Exercise objective
Your answer must be an exact transcription of the data, with every picture omitted.

Dataset section
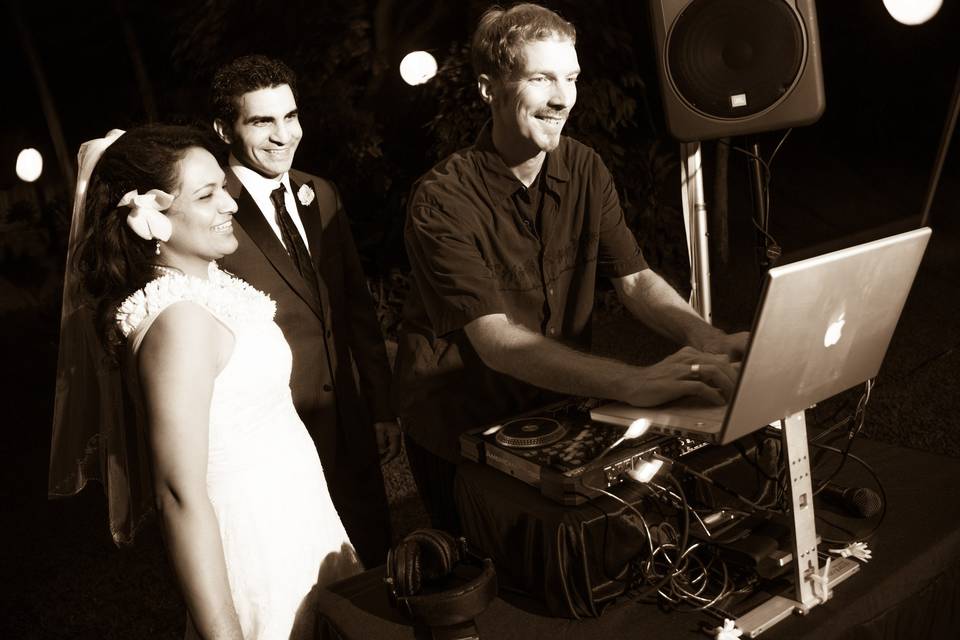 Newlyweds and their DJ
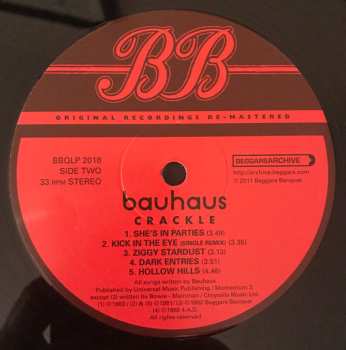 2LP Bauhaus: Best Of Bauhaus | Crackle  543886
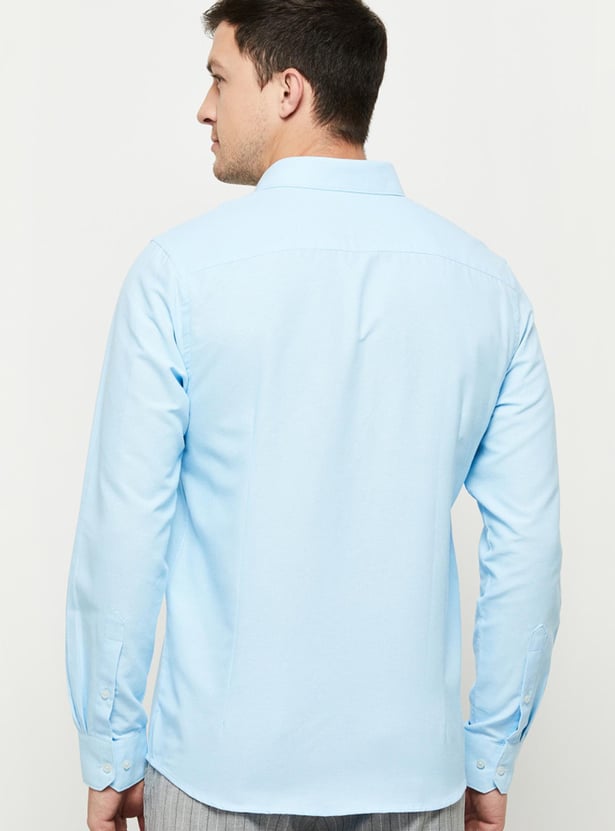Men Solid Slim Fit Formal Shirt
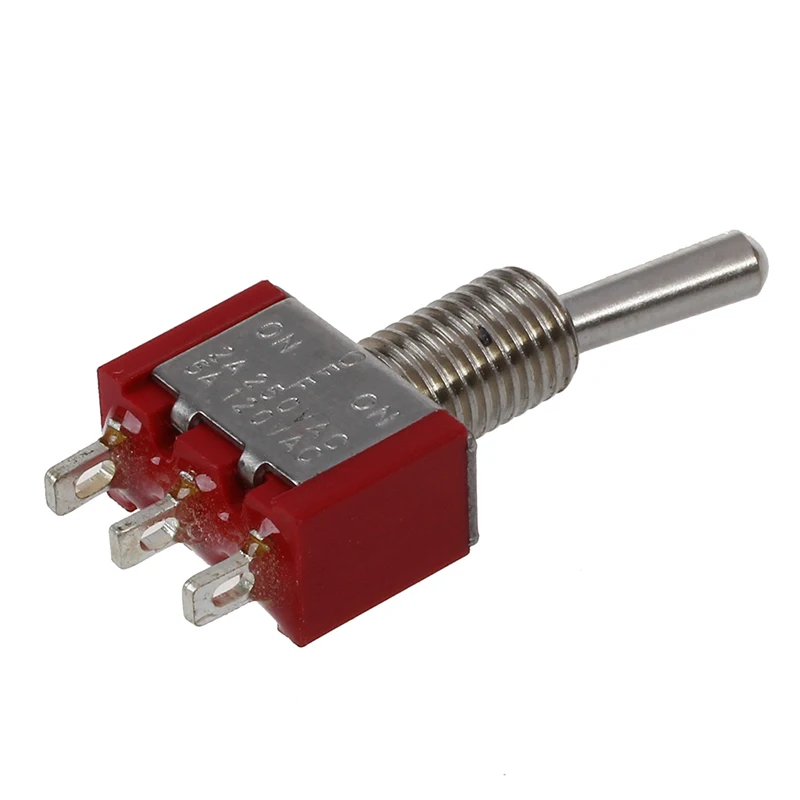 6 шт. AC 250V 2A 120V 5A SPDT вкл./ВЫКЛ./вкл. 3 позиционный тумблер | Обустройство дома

Result for this exercise
 Newlyweds and their DJ
 2LP Bauhaus: Best Of Bauhaus | Crackle  543886
Men Solid Slim Fit Formal Shirt
 6 шт. AC 250V 2A 120V 5A SPDT вкл./ВЫКЛ./вкл. 3 позиционный тумблер | Обустройство дома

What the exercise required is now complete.